With all the issues related to count
, I start to think that perhaps the sanest option is to go in the same direction as @kishorenc and stop using count
and instead use a preprocessor.
Has been an issue for me in 0.9.2 to manage my aws_s3_buckets (tried to remove the 1st one, so all were going to be replaced see #13724).
What I'm wondering is if there's a way for the terraform core to use the id instead of the count index in the extension?
For example, instead of calling the resource aws_s3_bucket.mybuckets.${count.index}
, calling it aws_s3_bucket.mybuckets.${id}
?
The id
attribute is unique inside a resource type and used as a reference when calling other resources, so could work as an identifier here.
Hi @aerostitch!
The issue of the count indices becoming "misaligned" when you add/remove items from the middle of your list is a separate but related issue to this one. The likely solution to this will be a foreach
attribute which can be used instead of count
to get a result like you're looking for, but we need to make some foundational configuration language changes first before that will be usable. This is likely to arrive in a future version, but we need to do some more internal design work first.
OK. Thanks for the answer @apparentlymart. I thought that leveraging the id
attribute could have been an easier fix, but a foreach could become handy indeed! :)
Should I reopen my original issue in this case?
@aerostitch the problem and intended (high-level) solution is already known, so I think we can leave your other issue closed though I do appreciate you taking the time to open it, and to hunt out this other similar issue!
Is there any progress update on this issue? I am experiencing this problem with a combination of aws_instance
and aws_alb_target_group_attachment
, whereby all target group attachments are destroyed when only two aws instances need creation.
As you can imagine, removing all web nodes from a production environment's load balancer is a pretty bad outcome when you're trying to make a partial change.
Partial plan output;
-/+ aws_alb_target_group_attachment.web_tga.0
port: "80" => "80"
target_group_arn: "arn:aws:elasticloadbalancing:us-west-2:xxxx:targetgroup/production-alb-web-tg/qqqq" => "arn:aws:elasticloadbalancing:us-west-2:xxxx:targetgroup/production-alb-web-tg/qqqq"
target_id: "i-aaaa" => "${aws_instance.web.*.id[count.index]}" (forces new resource)
-/+ aws_alb_target_group_attachment.web_tga.1
port: "80" => "80"
target_group_arn: "arn:aws:elasticloadbalancing:us-west-2:xxxx:targetgroup/production-alb-web-tg/qqqq" => "arn:aws:elasticloadbalancing:us-west-2:xxxx:targetgroup/production-alb-web-tg/qqqq"

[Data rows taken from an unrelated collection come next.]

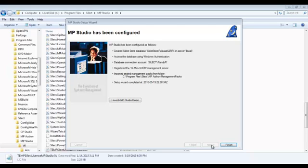Once the management packs have been copied to the store, you're ready to launch the console for the first time. Click finish.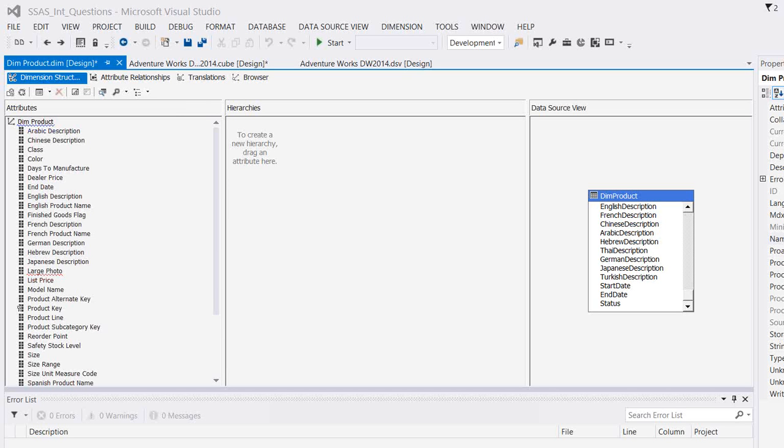Explain MOLAP storage mode and its advantages and disadvantages is the question that you'll get in SSAS interviews. As we discussed in one of our videos, MOLAP storage mode is the most important one, most frequently used one, and it's the default one.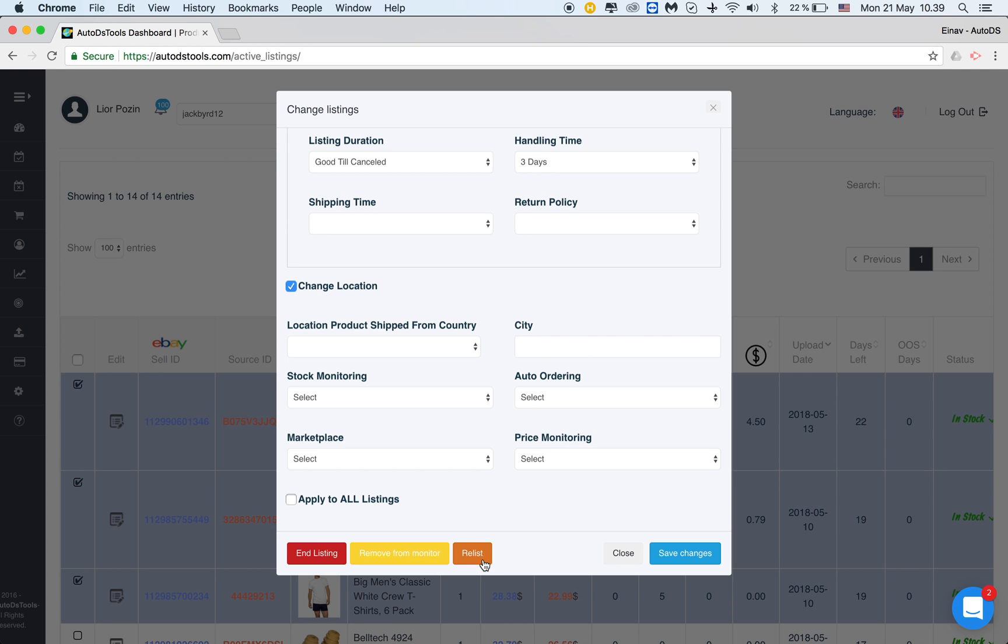You can choose to relist the items. So let's say for example I filtered by number of views and number of watchers and found very weak listings with hardly any impression from eBay. I can choose to relist them. What will happen is that they will be ended on eBay and then immediately uploaded again with all the settings that they already had with the pricing and if you had any notes for these items, any tags, everything will be saved.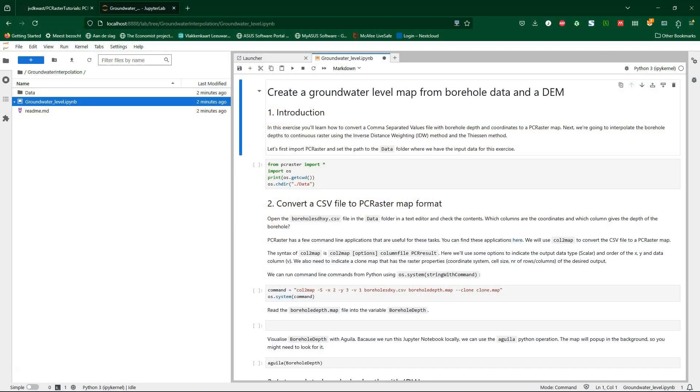Hello, welcome back on my YouTube channel. In today's video I'm going to demonstrate how to use JupyterLab in the Python environment of QGIS.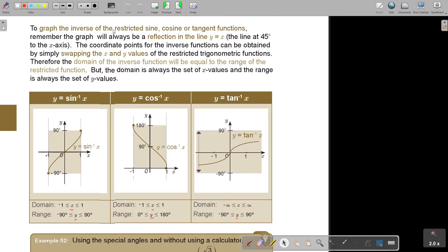The graph of the inverse of the restricted sine, cosine, or tangent functions will always be a reflection in the line y = x — a line at 45 degrees to the x-axis. Don't forget your previous chapter on inverse functions. The coordinate points for the inverse functions are obtained by simply swapping the x and y values of the restricted trigonometric functions. Therefore, the domain of the inverse function equals the range of the restricted function.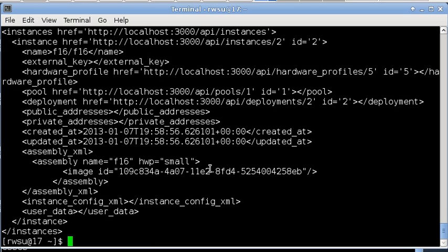They are currently blank because Deltacloud is not running in my setup. The time the instance was created, the time it was last updated, the assembly XML, instance config XML, and user data if they are available. Some fields have been omitted.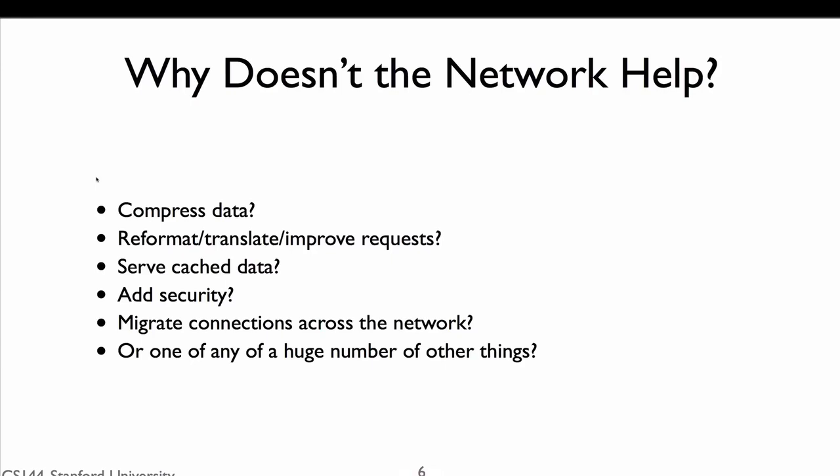Why doesn't the network do more? It turns out there are a lot of things it could do to make the file transfer faster. The network could automatically compress packets between A and B. If the file is plain English text, this could reduce the transfer size tenfold. The network could reformat or improve requests. Let's say A wants to transfer two files to B. The network could see this and combine the two transfers into a single request. Or it could be that A's file is already stored on another computer C that's closer and faster to B than A is. The network could transfer the file from C rather than A. Or the network could automatically add security, encrypting the data so bad guys can't read the file. If the network does this for us, then we don't have to worry about it in our application.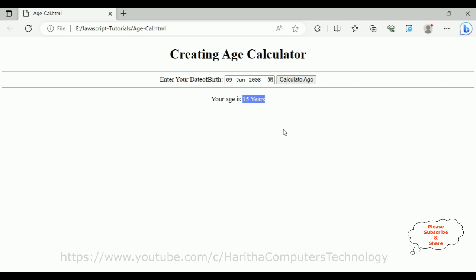In this video tutorial I have explained how to create an age calculator using JavaScript. Thanks for watching. Please subscribe, share, and leave your valuable comment. I'll catch you in my next video tutorial.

target_id: "i-bbbb" => "${aws_instance.web.*.id[count.index]}" (forces new resource)
-/+ aws_alb_target_group_attachment.web_tga.2
port: "80" => "80"
target_group_arn: "arn:aws:elasticloadbalancing:us-west-2:xxxx:targetgroup/production-alb-web-tg/qqqq" => "arn:aws:elasticloadbalancing:us-west-2:xxxx:targetgroup/production-alb-web-tg/qqqq"
target_id: "i-cccc" => "${aws_instance.web.*.id[count.index]}" (forces new resource)
-/+ aws_alb_target_group_attachment.web_tga.3
port: "80" => "80"
target_group_arn: "arn:aws:elasticloadbalancing:us-west-2:xxxx:targetgroup/production-alb-web-tg/qqqq" => "arn:aws:elasticloadbalancing:us-west-2:xxxx:targetgroup/production-alb-web-tg/qqqq"
target_id: "i-dddd" => "${aws_instance.web.*.id[count.index]}" (forces new resource)
+ aws_instance.web.1
[...omitted]
+ aws_instance.web.3
[...omitted]
Hi everyone! Sorry this one sat here for so long.
Since this has been open for a long time and things have changed a bunch throughout its life, I want to add some context to close out this great, multi-year discussion:
When this issue was originally filed, Terraform's support for lists was rather rudimentary, and we had a function called element
that served to extract a particular element from a list. From the perspective of the interpolation language, this was just a function like any other and so the language was conservative and assumed that any unknown values in the list had to produce an unknown result.
This interacted poorly with how the splat syntax deals with new instances created when count
is increased, since the elements for the new instances were marked as unknown until the apply
completed, and thus caused the whole set to be treated as computed.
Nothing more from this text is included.